Communicating Uncertainties to the Public
In the Arctic, the societal value of fundamental weather research – like in Alertness – is strongly conditioned upon the ability to provide forecasts and warnings that user groups can incorporate in their decision-making processes. Conveying uncertainty and correct estimates of severe snowfall to the general public is not easy, as it involves concepts like probabilities and impact levels which may not be fully understood by the layman. This requires substantial skill from the forecaster, both as a communicator and as an interpreter of the physical processes involved.
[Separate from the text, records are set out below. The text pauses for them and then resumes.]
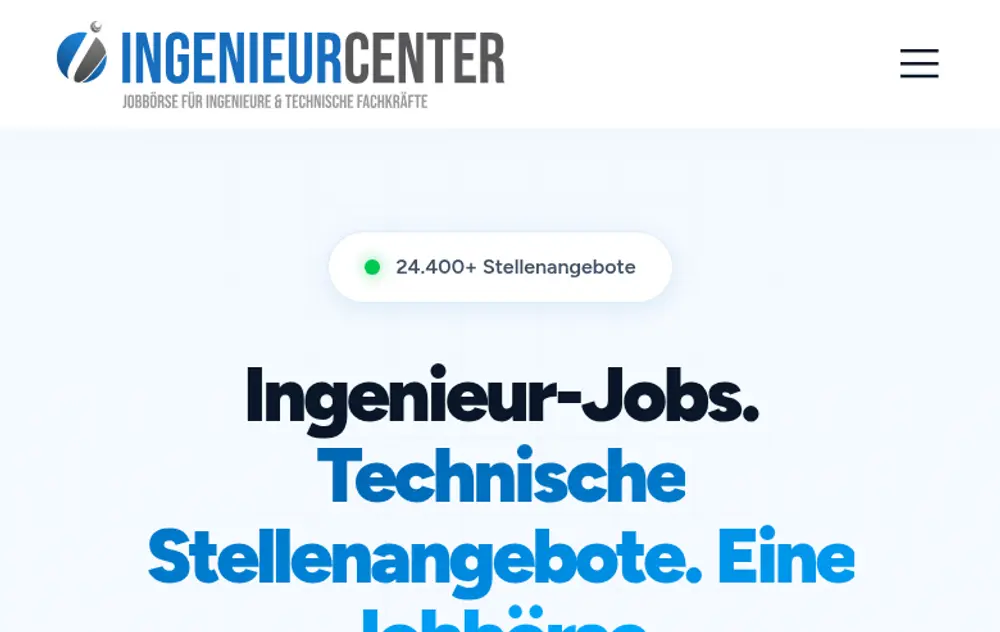 INGENIEURCENTER screenshot INGENIEURCENTER job board platform screenshot showing job search interface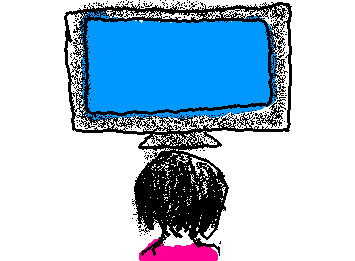 てれびをみているひと。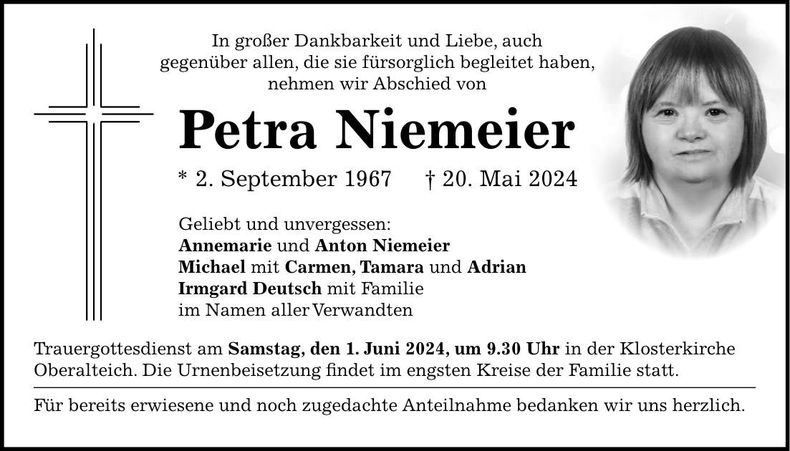 Traueranzeige Petra Niemeier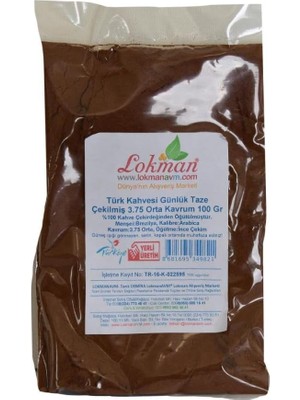 Zemira Lokmanavm Türk Kahvesi Günlük Taze Çekilmiş 3.75 Orta Kavrum 100 gr Paket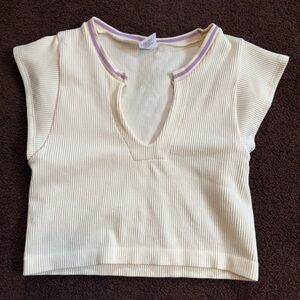 SHEIN Cream and Purple Ribbed Crop Top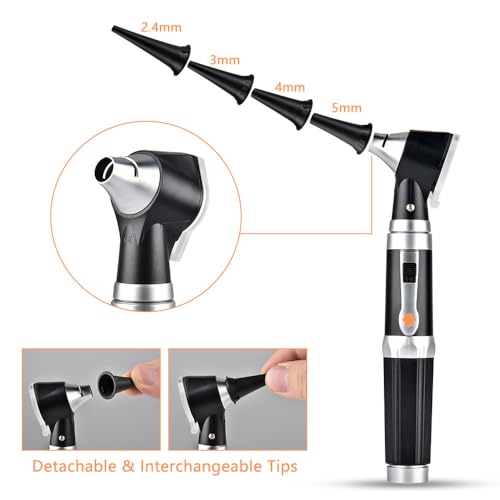 Jiusion 3X Otoscope with LED, Handheld Ear Magnifier Scope for Doctor & Home | Portable Ear Check Scope with 8 Specula Caps & Storage Case for Adults, Kids, Pets, Dogs, Cats - size: Otoscope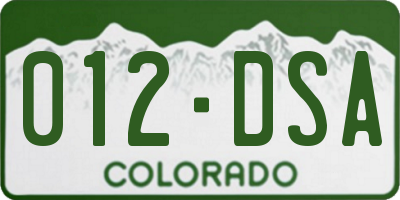 CO license plate 012DSA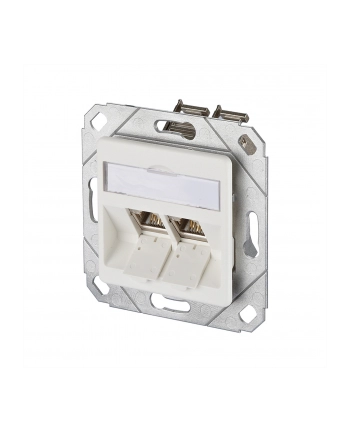 Metz Connect Gniazdo Sieciowe Wkład Z Płytką Centralną Podtynkowy Cat 6 2 Porty Czysty Biały nr 1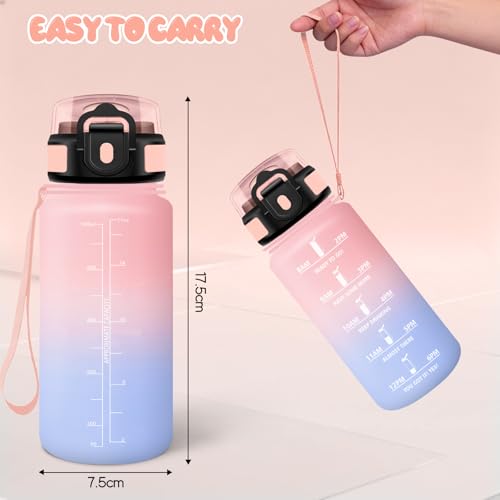 Motswedi BPA Free 500/1000ml Water Bottle with Straw, Reusable, Leakproof, Canteen for Gym, School, Yoga, Camping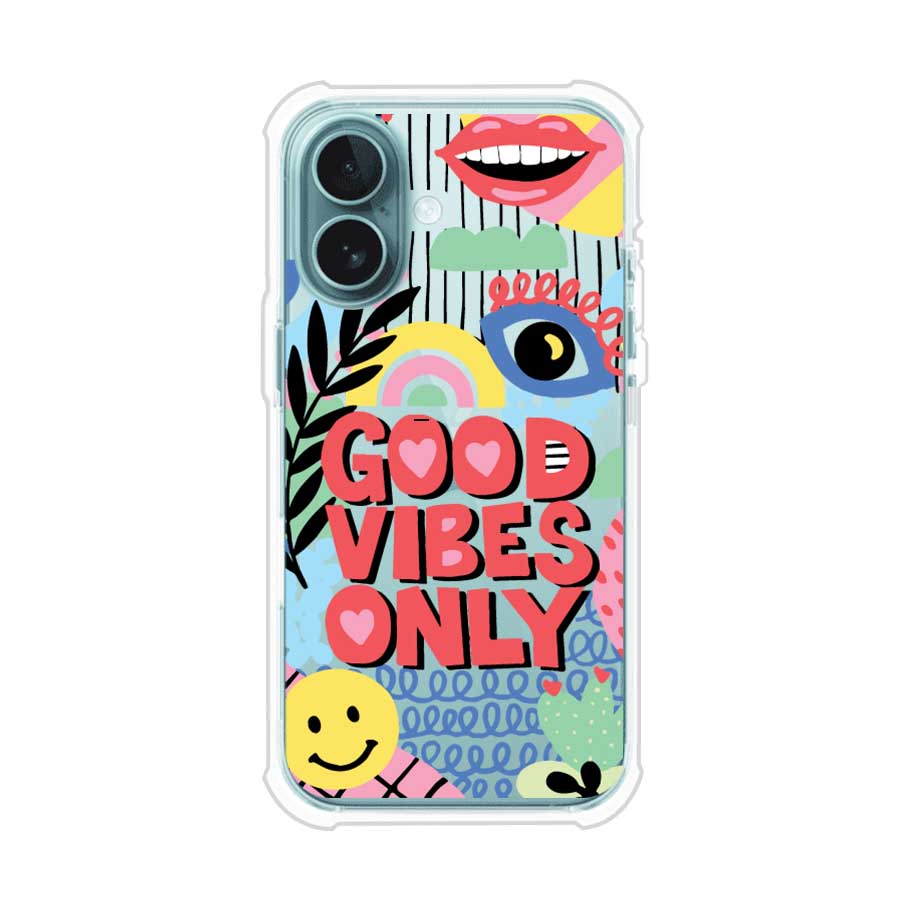 Funda personalizada para iPhone con diseño colorido estilo pop art y frase Good Vibes Only. Ideal para expresar energía positiva. Producto de Remark MX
Routinely, weather warnings and snow avalanche forecasts are issued on the Yr web page as well as on varsom.no. In addition, MET Norway reaches out to the public through local media and social media channels, especially the Twitter account @Meteorologene. Norwegians are generally quite well informed on the subject of the weather, and it is an enjoyable challenge for the forecaster to convey rather advanced weather information. The dedicated avalanche meteorologists enjoy an even greater freedom to do good descriptive forecasts with more specific focus on mountainous and local weather for the discerning public of mountaineers in Norway.
About the Alertness Project
Alertness (Advanced models and weather prediction in the Arctic) is a 4-year research project about Arctic weather prediction financed by the Norwegian Research Council and led by the Norwegian Meteorological Institute (MET Norway).
The ambition and primary objective of the Alertness research project is to develop world leading capacity for the delivery of reliable and accurate Arctic weather forecasts and warnings. These will benefit maritime operations, business and society.
Alertness is a cooperation between MET Norway, University of Bergen (UiB), Uni Research (UNI), University of Tromsø (UiT), The Royal Netherlands Meteorological Institute (KNMI), Nansen Environmental and Remote Sensing Center (NERSC), and The University Centre in Svalbard (UNIS).